For each one of the 33 isolates, we compared one by one all genes for which the product is at least 50 amino-acids long, with all genes of the 32 others using blastp algorithm from BLAST v. 2.8.1 [33, 34]⁠. We kept all hits that were at least half as long as the query and shared at least 90% sequence identity with the query and recorded on which genomic segment they were located for each isolate.

Phylogeny reconstruction

Phylogeny reconstruction was performed on the main chromosome as it is known to be very stable in the B. burgdorferi s.l. species complex [17]⁠. In addition to the 33 isolates published in this study we also used four B. bavariensis strains published in GenBank (under accession numbers CP000013 for strain PBi from Germany, CP003151 for strain BgVir from Russia and CP003866 and CP007564 for strains NMJW1 and SZ from China) and the B. garinii strain 20047 as an outgroup to root the tree (GenBank accession number CP028861). Alignment was performed with MAFFT v7.407 [46, 47]⁠ and phylogeny reconstruction was performed with BEAST v1.8.0 [41]⁠ with the following parameters: coalescent model with exponential growth based on doubling time, lognormal-relaxed clock [42]⁠, GTR substitution model [43]⁠. The chain was run for 100 Million steps in three independent runs and convergence was checked with Tracer v. 1.4 [92]⁠. One of the runs did not converge and for the other two runs a burn-in of 30 and 40% respectively was found appropriate. We then used TreeAnnotator v. 1.10.4 [41]⁠ to identify the best tree after burn-in. The phylogeny presented in Fig. 4 was plotted with FigTree v. 1.4.4 (http://tree.bio.ed.ac.uk/software/figtree/). On the phylogeny we added for each branch the gain or loss of plasmids based on the genome reconstructions presented in Table 1 and Supplementary Table 1 (we considered a plasmid as present when either its sequence or one of its specific plasmid partition gene was present) and using maximum parsimony principle. When two solutions leaded to the same minimum number of events, we chose the solution with the lowest number of gains.

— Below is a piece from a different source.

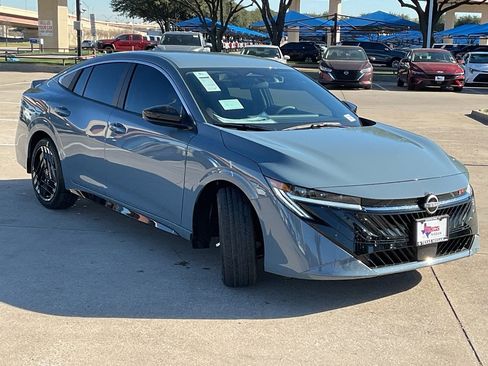New 2026 Nissan Sentra SR image 4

Phylogenies were also reconstructed on plasmid cp26 cutting out the ospC locus (200 bp upstream and downstream the gene) and on gene ospC with BEAST v. 1.8.0 [41]⁠ using the same priors and the same procedures as above except that the coalescent model did not include exponential growth. We included GenBank strains BgVir (B. bavariensis CP003201.1), Far04 and PBr (B. garinii CP001319.1 and CP001305.1), PKo, K78 and ACA-1 (B. afzelii CP002934.1, CP009060.1, CP001250.1) and A14S (B. spielmanii CP001467.1). The sequences were aligned with MAFFT v7.407 [46, 47]⁠ and the chains were run for 500 million states for cp26 and 20 million states for ospC each in triplicate. Best trees were reconstructed after removing a burn-in of 10% of the chain and all three runs showed very similar results for each tree. Both trees were plotted using FigTree v. 1.4.4 (http://tree.bio.ed.ac.uk/software/figtree/) and manually rotated to produce Fig. 5 comparing ospC and plasmid cp26.

Statistical analyses and genetic diversity

All statistical analyses were performed with R v. 3.5.2 [93]⁠ and genetic distance and genetic diversity were estimated using packages pegas v. 0.12 [94]⁠ and hierfstat v. 0.04–22 [95]⁠ on orthologous plasmid sequences aligned with MAFFT v7.407 [46, 47]⁠ and along the alignments of the main chromosome as well as plasmids cp26 and lp54 (only segments that could be aligned over their whole length) using windows of 1000 bp sliding every 100 bp.